Advertisement

Remembering Louise Smith, the all-in First Lady Of Racing

By popular demand, we continue our look at the women who defy convention, and a whole lot of reluctant men, to pursue their love of racing by getting behind the wheel.

Louise Smith was one of many drivers who got a start by driving away from the police. Back in the '40s, a young racing promoter by the name of Bill France, who was not then known as "Senior," was looking for a woman to run at his South Carolina track, hoping to get more people interested in watching racing. A friend of a friend told him about Louise's talents in cop evasion, so he asked her, and she came a'running.

At the race, Smith was given explicit instructions not to stop unless she saw a red flag. (Apparently they weren't big on pitting around those parts.) However, the race promoters also failed to tell her what the checkered flag meant. Louise finished in third place and continued to run around the track all by herself until someone thought to throw a red flag. (Wonder how much time they spent giggling before they rescued her?)
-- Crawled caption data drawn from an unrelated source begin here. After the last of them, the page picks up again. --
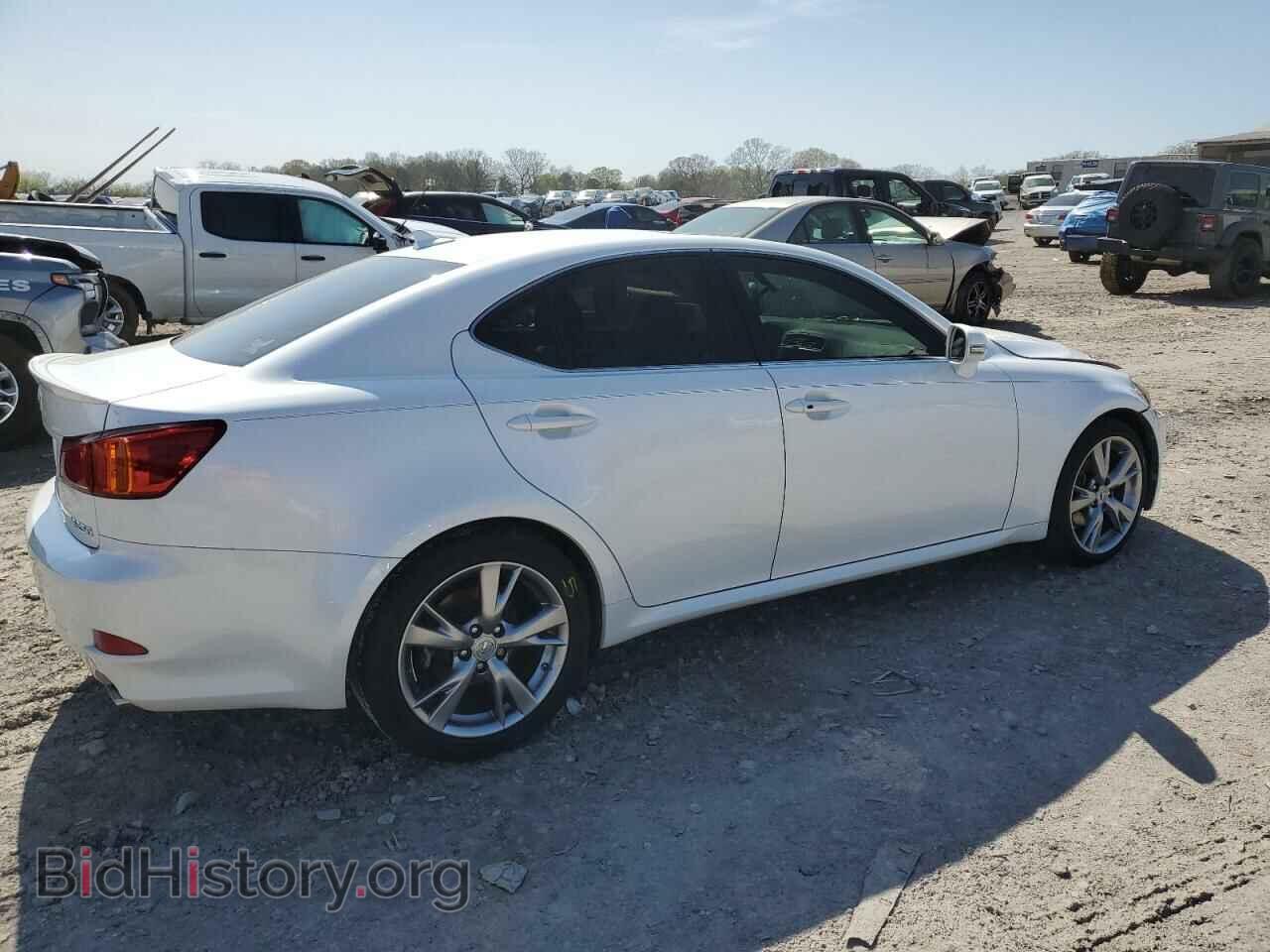 2010 LEXUS IS - VIN: JTHBF5C24A2096401 - Photo 3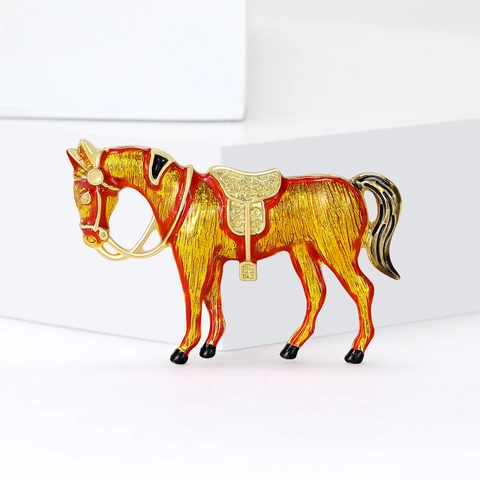 Fashionable Enamel Horse Brooch Alloy Animal Lapel Pin For Women Suit Coat Dress Jewelry Accessory 18K Gold Plated Gift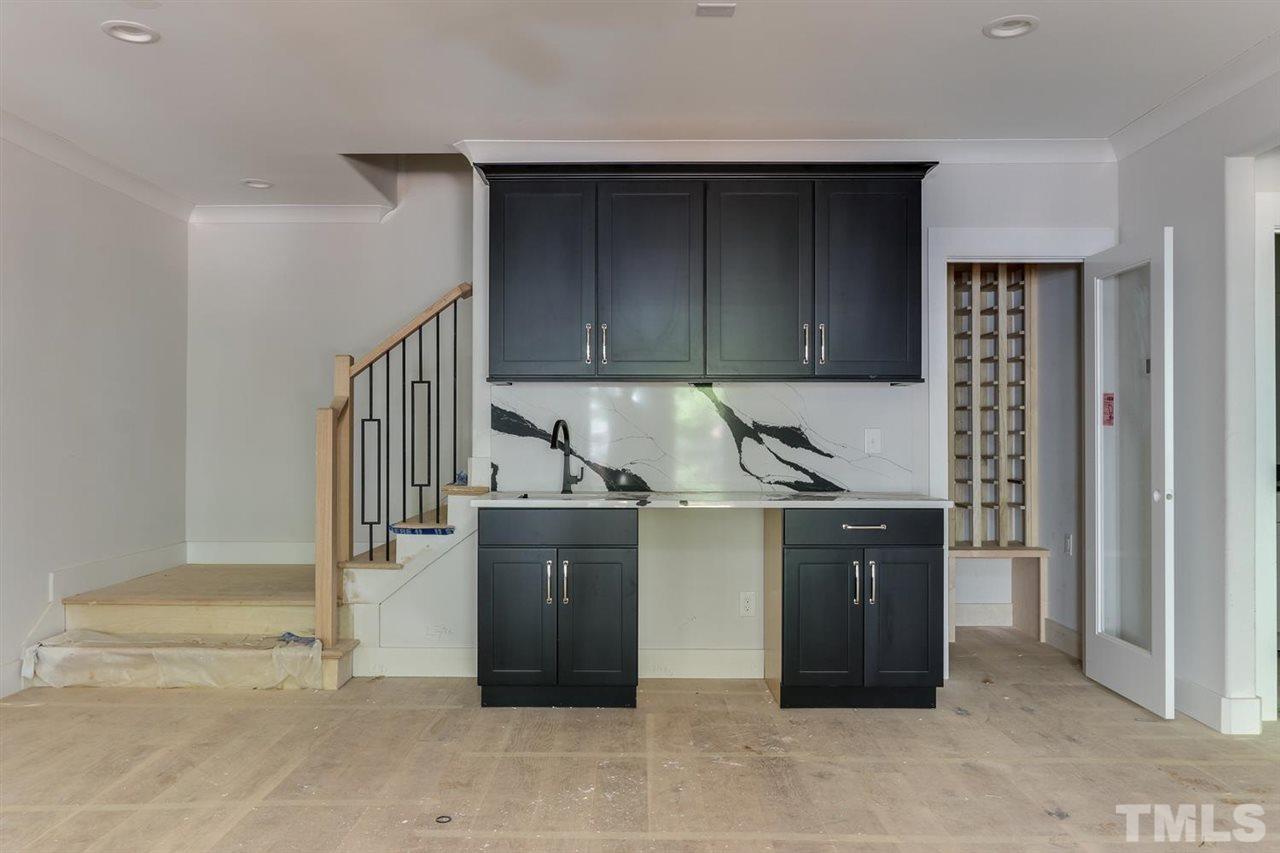 121 Dartmouth Road Raleigh, NC 27609 - Photo 15 of 30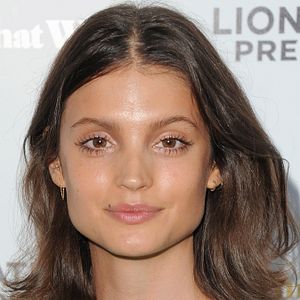 Bilder Charlbi Dean Kriek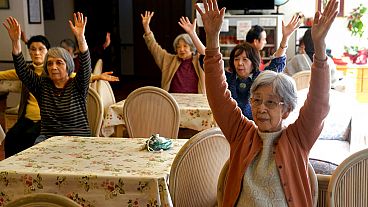  كبار السن يمارسون تمارين رياضية في سيلفر فيلا كوياما، دار المسنين، في طوكيو- 13 مارس 2013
A year later, she drove her husband's new Ford to Daytona Beach, entered the race, and wrecked the car. She told her husband it had broken down, but then he showed her the photo of her wreck, which had made the front page of the local newspaper! Since history records that he didn't approve of her racing habit, one can imagine the frosty silence around the dinner table after that transgression.

In a decade of racing, between 1945 and 1956, Louise won 38 events and broke darn near every bone in her body. She was the first woman ever inducted into the International Motorsports Hall of Fame. She never made a lot of money, but she had a good time, racing with the likes of Ralph Earnhardt and Buddy Baker. And that's what it's really all about, right?

Now it remains to be seen if the likes of Danica Patrick can stand up to the legacy of the "First Lady of Racing."